* _Exercise requirements_: Excluding images, repeat the data exactly as given.

* _Supplied material_:
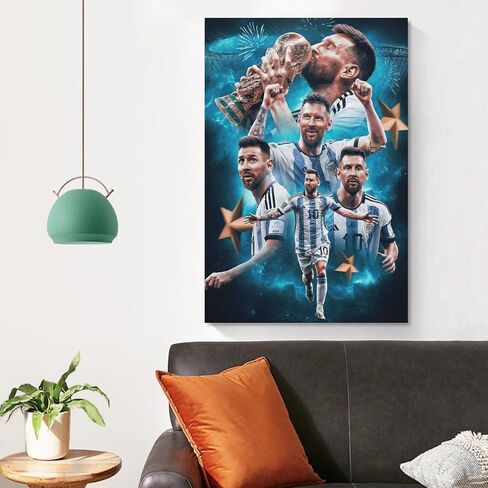 Messi poster unFramed 12x18 inch posters for room aesthetic Wall Art Decor Print for Fans And Family in Saudi Arabia
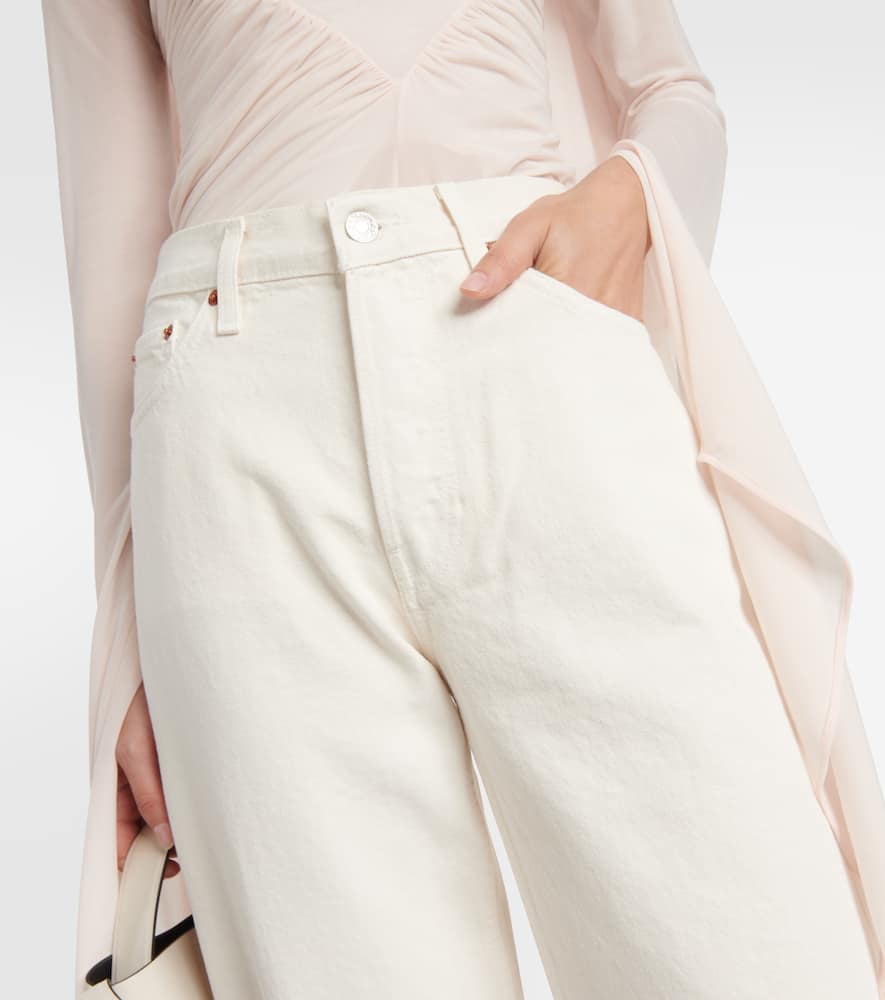Re/done High-rise Straight-leg Jeans In Weiss
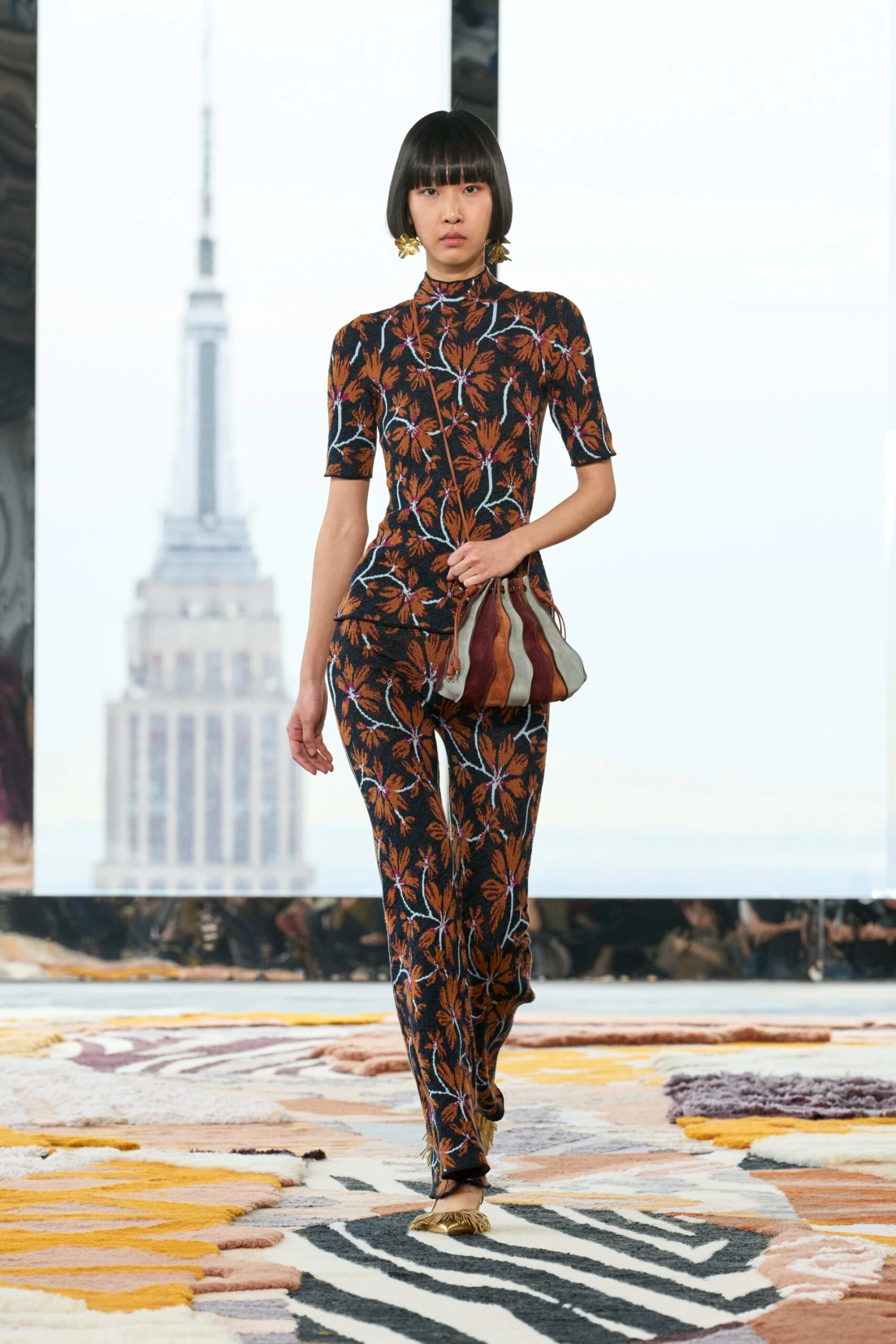 ULLA JOHNSON Zena Pant - Bellflower 2 ULLA JOHNSON Zena Pant - Bellflower - Image 2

* _Response to this exercise_:
 Messi poster unFramed 12x18 inch posters for room aesthetic Wall Art Decor Print for Fans And Family in Saudi Arabia
Re/done High-rise Straight-leg Jeans In Weiss
 ULLA JOHNSON Zena Pant - Bellflower 2 ULLA JOHNSON Zena Pant - Bellflower - Image 2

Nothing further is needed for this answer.